Work order: Exactly as written, print every line of the listing below and omit its pictures.

Information supplied:
------------------------------------
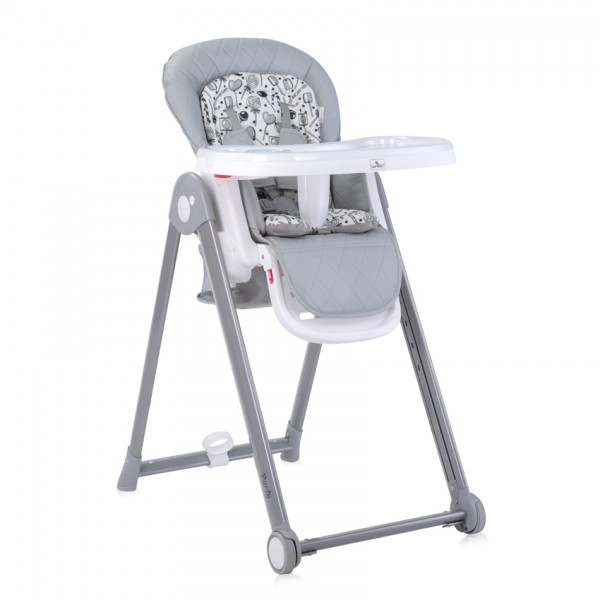 Lorelli Bertoni Καρέκλα Φαγητού  Party Cool Grey Leather (10100372325) Lorelli Bertoni Καρέκλα Φαγητού  Party Cool Grey Leather (10100372325)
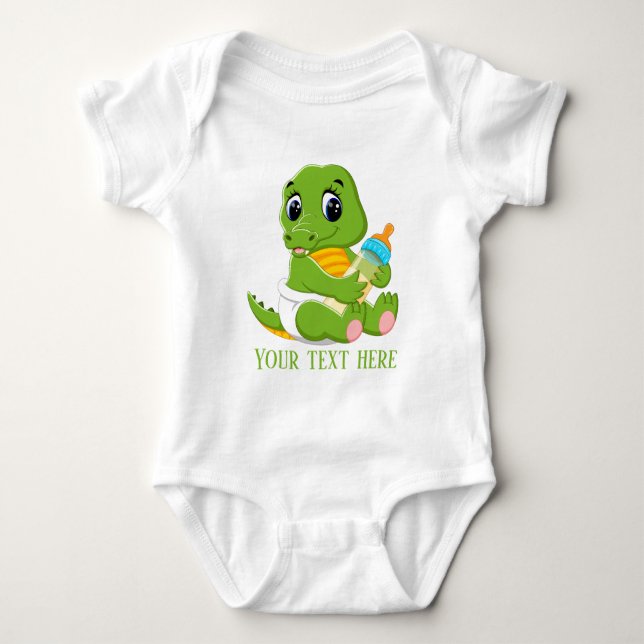 Body Joli bébé gator ajouter du texte unisex (Devant)
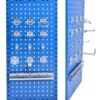 Perforated board display rack hardware tool rack square hole car beauty tool hanging board hook storage wall storage rack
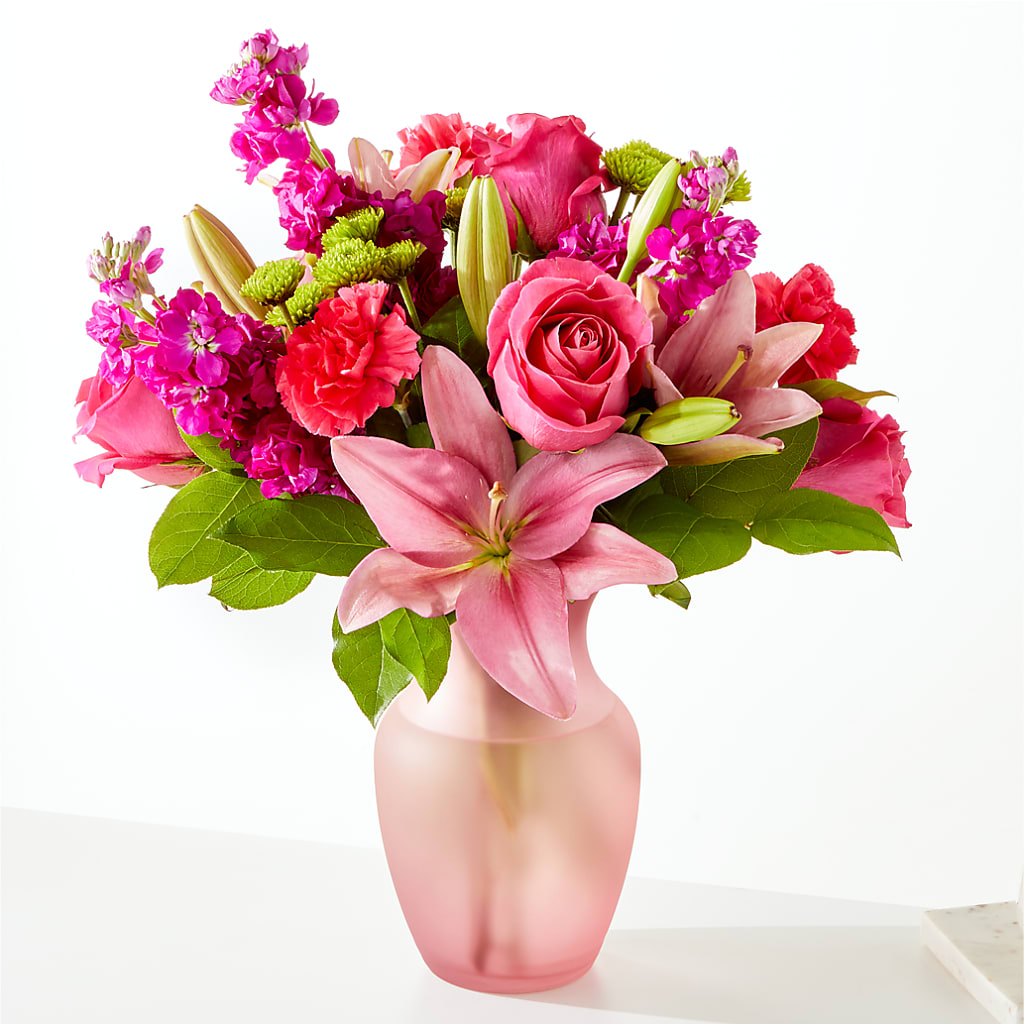 Watermelon Crush Bouquet – The Love Bug Flowers, Timmins ON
------------------------------------
Response:
 Lorelli Bertoni Καρέκλα Φαγητού  Party Cool Grey Leather (10100372325) Lorelli Bertoni Καρέκλα Φαγητού  Party Cool Grey Leather (10100372325)
 Body Joli bébé gator ajouter du texte unisex (Devant)
 Perforated board display rack hardware tool rack square hole car beauty tool hanging board hook storage wall storage rack
 Watermelon Crush Bouquet – The Love Bug Flowers, Timmins ON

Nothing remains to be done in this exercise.